Who is going to kill my spouse and children?
NPR reported today that the number of hate groups is on the rise. While this might be because of the economy and the blame-game of who's taking all the jobs and who's squatting in abandoned homes and such, the fact that we are Jewish and that my spouse is transsexual doesn't make me feel any safer... especially here in Phoenix, where you can't have a dog without paying for a license, but you can have a semi-automatic dangling in the breeze from your hip holster. In my time here, I have met only a small handful of people with whom I might leave my children for a short time (besides my parents and brother). Only two people, who are a couple with two kids, share perhaps 90% of our values (even though she likes the weather here!). They know about Natasha and accept her without reservation. They, by the way, are NOT native to Phoenix.

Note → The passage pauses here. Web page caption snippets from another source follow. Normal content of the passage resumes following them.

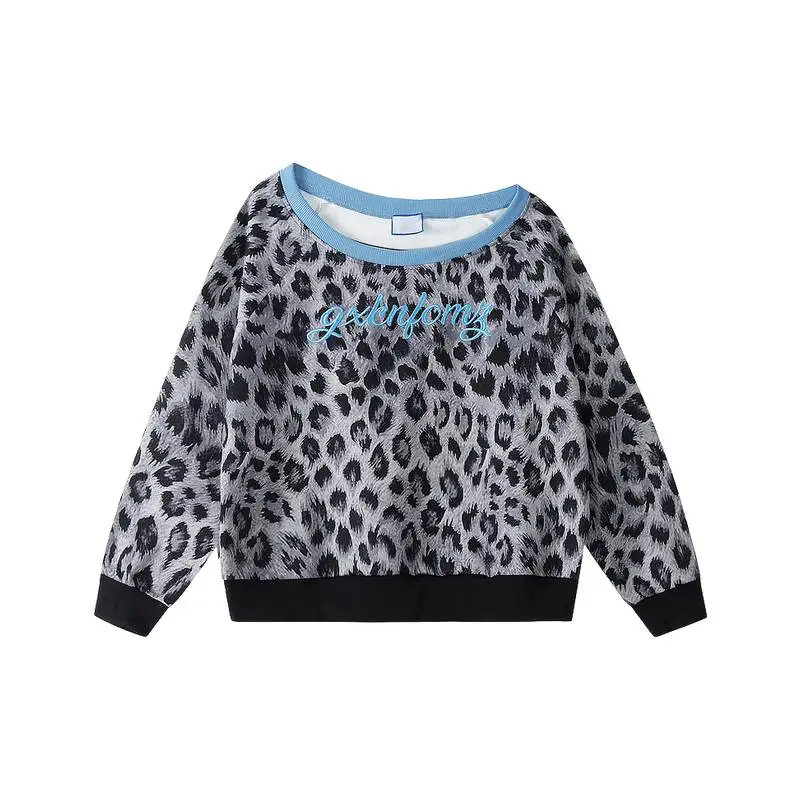 Leopard Print Contrast Color Sweater Women-2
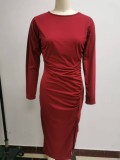 Fall Winter Women'S Solid Color Round Neck Slim Long Sleeve Slit Chic Dress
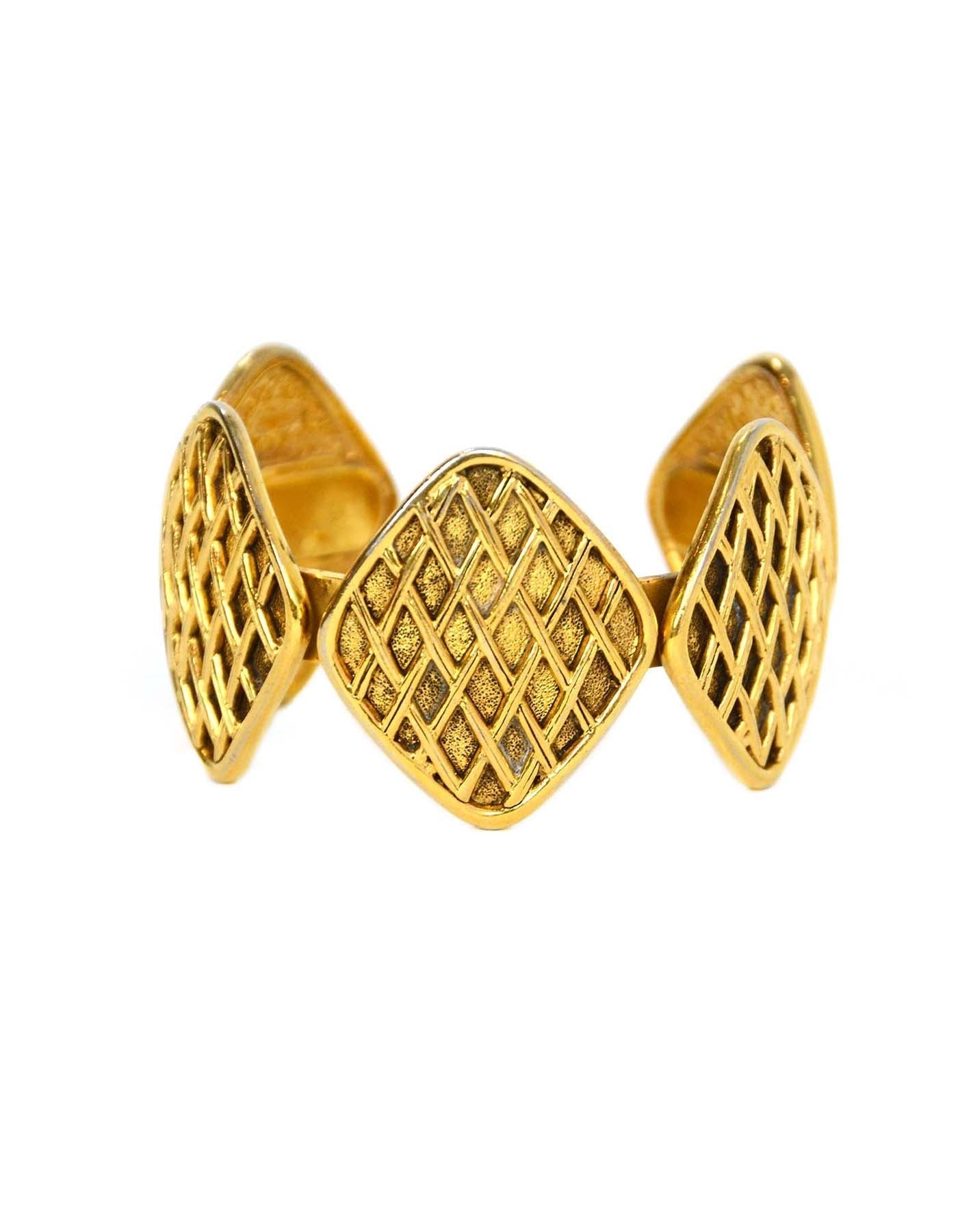 Chanel '90S Gold Quilted Medallion Cuff Bracelet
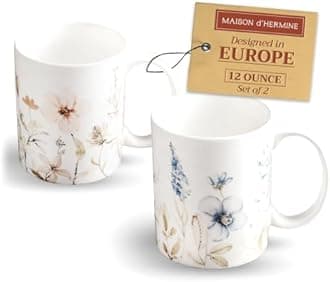 Maison d' Hermine Coffee Mug with Handles Fine Bone China Mugs Pack of Two Tea Cups for Hot Beverages Cappuccino Latte Home Restaurant Office Perfect for Gift (Ice Florals, 12 Ounce)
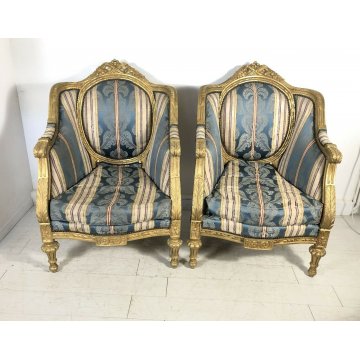 COPPIA POLTRONA BAROCCA TESSUTO JACQUARD ARMCHAIR BERGERES TRONO 1900 DORATA OLD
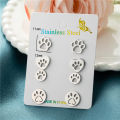 4Pairs/Lot Lovely Stainless Steel Dog Paw Stud Earrings for Women Everyday Jewelry Fashion Animal Cat Footprint Earing Accessory. 
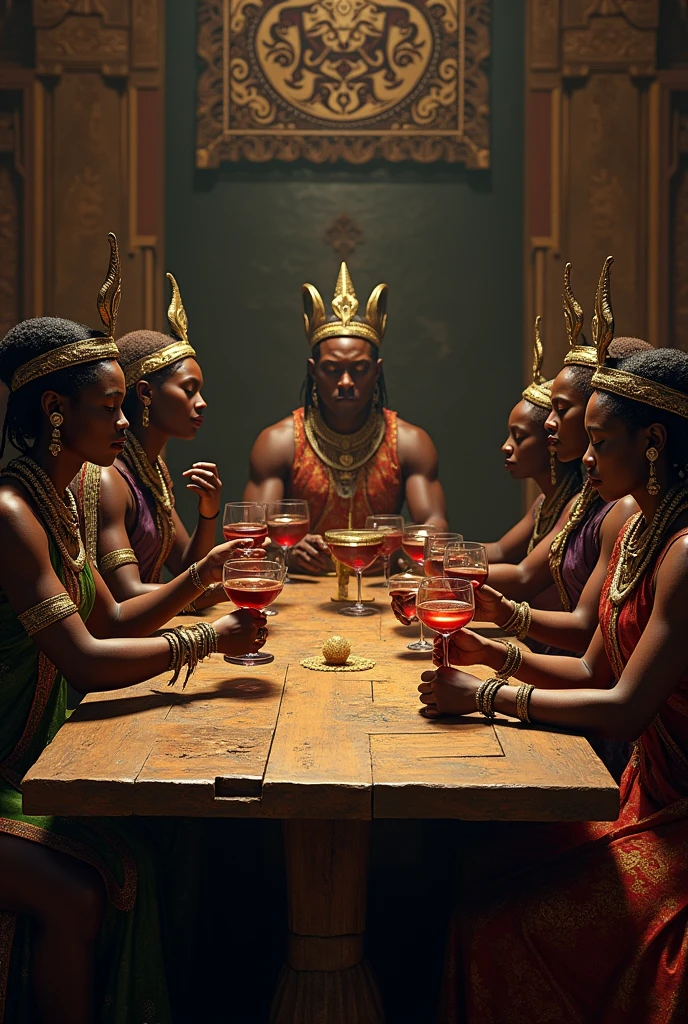 ((high detail, 8k resolution, cinematic composition)) in a fantasy-style scene, two groups of nude people are interacting. On the left, a fair-skinned man holds a bowl of soup. In front of him stands a young girl with light skin and red-brown hair. On the right, a dark-skinned man with long, braided hair, extending his hand in greeting. Beside him stands a dark-skinned woman with long braids, her arms crossed as she looks on, medieval scene, fair-skinned man holding a bowl of soup, young light-skinned girl, dark-skinned man with braided hair extending hand in greeting, dark-skinned woman with long braids, arms crossed, warm lighting, detailed characters, ethnic diversity, high detail, 8k resolution, cinematic composition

With everything that is happening in the Middle East (civil wars) and what's going on in Wisconsin (union abolition) and what happened in Tuscon (the shooting), I find myself wondering when the uprising is going to start in America. If we're still in Phoenix, we're screwed! Natasha is starting to look for work outside of teaching. In spite of certain protections in certain states against discrimination about transitioning folks, the person who isn't transitioning is still more likely to get the teaching job. We're thinking of ways to get ourselves moved into more liberal areas... California or Washington maybe (sorry, Vermont. You'll have to wait a little longer)... and into a more liberal line of work. It's a hard road, but for our and our children's sakes, it's safer for us to be somewhere else. Even then, there are people who still hate you for who you are or who your parent is.
I also have issues with the environment. I ask: What kind of air will my children breathe in the future? Will there be a livable environment on the planet in ten years? Will there be wild animals in a few years? Will America dissolve into smaller nation-states? When will the middle-class disappear entirely? Will they ever invent an anti-aging drug?... I could go on.
Every once in a while, I do still have those pangs of worry about having a lesbian spouse. As I drove around today, I noticed that my fingernails were getting a little long and I thought about what it would be like to see Natasha's hands with longer fingernails. It was kind of weird. On the other hand, I also looked at the Pyramid catalog email today and saw a really nice blouse that she would LOVE! So clearly, my worries of the physicality of the transition are not significant. I do, however, continue to worry about the "other." We were planning to write a book after Natasha's transition. We thought it would be beneficial to share our experiences... especially since I'm staying. But recently some woman came out into the public eye as a transsexual and her life is in tatters because of it (ask Natasha. I can't remember her name). As much as we want to help educate people about transsexualism, as much as we would like to help make this a condition that is defended 100% by the ACLU, we have our children, family and friends to think about.
In today's climate of growing intolerance and blame, I fear and distrust the "other" more and more. I feel like our house is a secret hiding place in the middle of a forest that belongs to the enemy.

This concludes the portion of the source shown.